Sırçalı Medrese, İnce Minerali Medrese, Karatay Medresesi, Sahip Ata Külliyesi, Alaeddin Camisi Selçuklu dönemi eserlerindendir. Konya’da Selçuklu ve Beylikler dönemine ait birçok suyolu, hastane, kervansaray, tekke, köprü, cami, hamam, çeşme ve diğer altyapı kuruluşlarına sahip olan, Konya’da Osmanlı dönemine ait eserlerin en tanınmışı ise Sultan Selim ve Aziziye Camii’leridir.

Konya, Sultan Alaeddin Keykûbat dönemi ve sonrasında, Dünyanın sanat ve ilim merkezi olma özelliği kazanmıştır. “Konya'nın Altın Çağı” diye anlandırabileceğimiz bu dönem 12. Y.Y. ortalarına kadar sürmüştür. Şehrin özelliği kazanmasında Anadolu'nun ortasında “Ana Yurt” olarak yer alması, Anadolu'nun yeni sahiplerinin ve dünyaca tanınan kültür ve ilim âlimlerinin sanat, islam, bilim ve teknik alanlardaki üstün bilgieri ve engin hoşgörüleri sayesinde önemli eserler ve bilgiler bırakmış olması büyük rol oynamıştır.
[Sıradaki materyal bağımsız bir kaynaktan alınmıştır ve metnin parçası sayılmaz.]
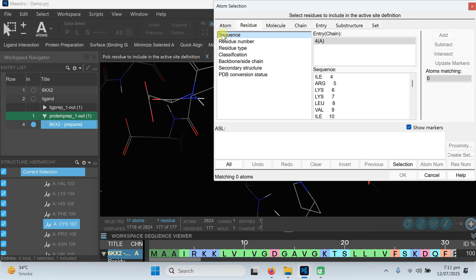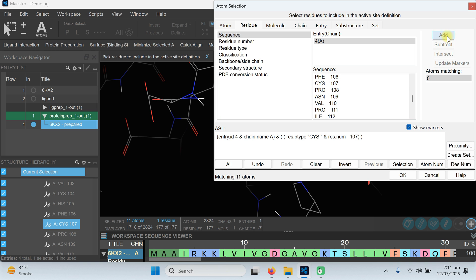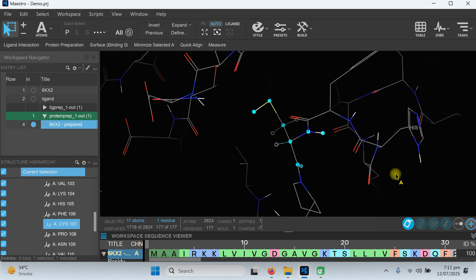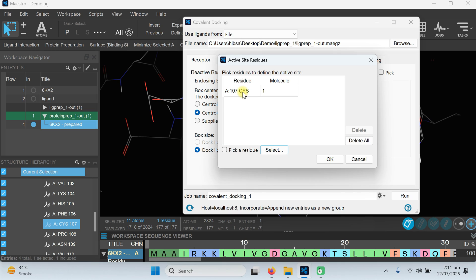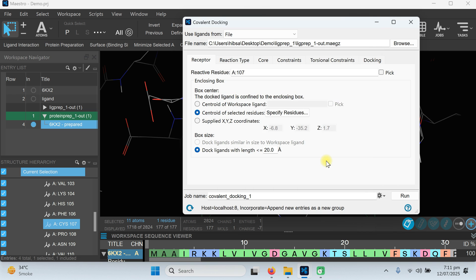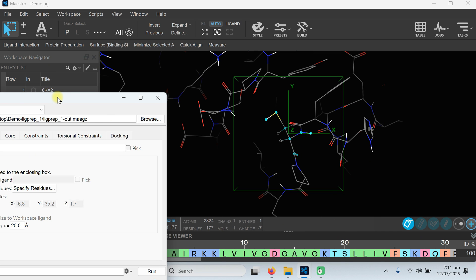Click on 'Sequence' and from the sequence view locate residue 107. Click Add and click OK. A new window will appear — select 107 and press OK. Our molecule has been selected and you can see a grid box has been generated around it.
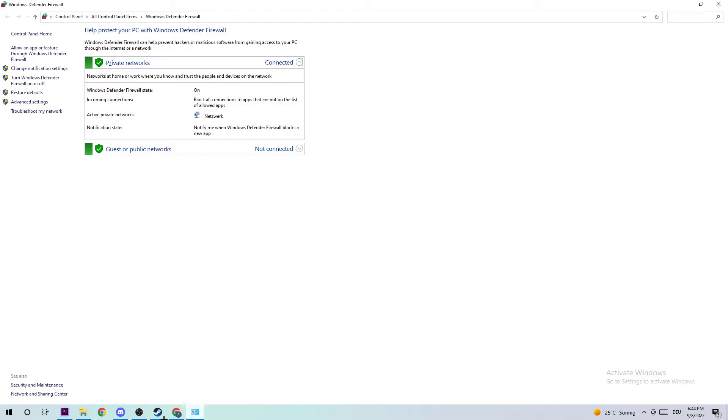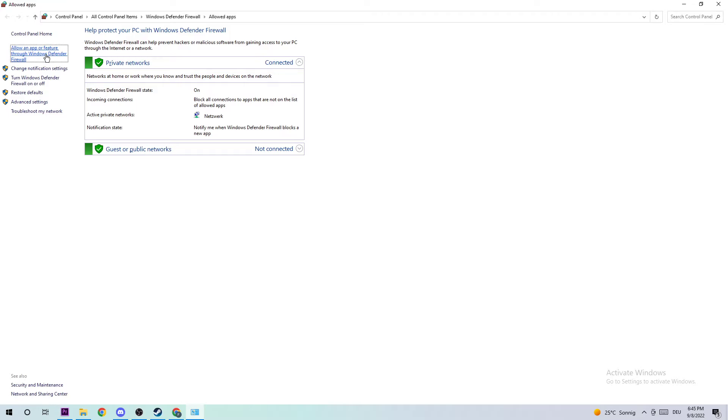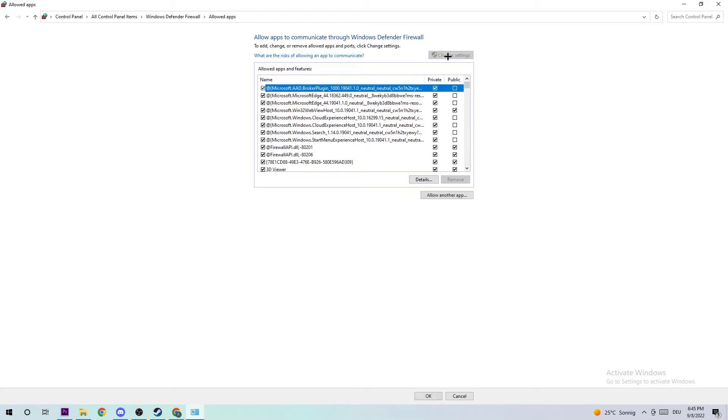Once this pops up, navigate to the top left corner and click on 'Allow an app or feature through Windows Defender Firewall'. Click on that, then go to the right-hand side and click on 'Change settings'. This will take a few moments, and afterwards you should be able to click 'Allow another app'.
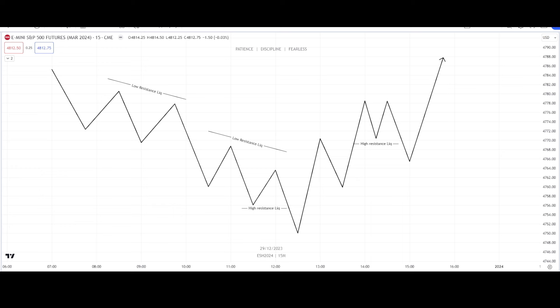Low resistance liquidity versus high resistance liquidity. Low resistance liquidity is when price is creating failure swings. In a bullish scenario, a failure swing is a low that fails to take out a previous low. In a bearish scenario, a failure swing is a high that fails to take out the previous high.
Bu kültürel birikim sayesinde Haçlı orduları, Bizans saldırıları, Moğol istilâsı, İtalyan veya Yunan işgalleri gibi etkilerin hiç biri Türklerin Anadolu'daki egemenliğini yok edememiştir (T. C. Konya Valiliği, agis, 2018).

Kültürümüzün millî ve manevi mimarları Konya’da, “Mevlânâ Celâleddin Rûmî ile dünyada kendisinden söz ettiren sözleri; hayat felsefesi, dünya görüşü ve yaşama sevinciyle beraber dünyaya ışık tutmuştur. Nasreddin Hoca ile Türk Mileti'nin

hazır cevaplılığını mizacı’’ ile dile getirilmiştir. Yunus Emre ise insanlık ve insan sevgisiyle adeta Ortaçağ karanlığında yer alan Avrupa'ya medeniyet dersi vermiştir.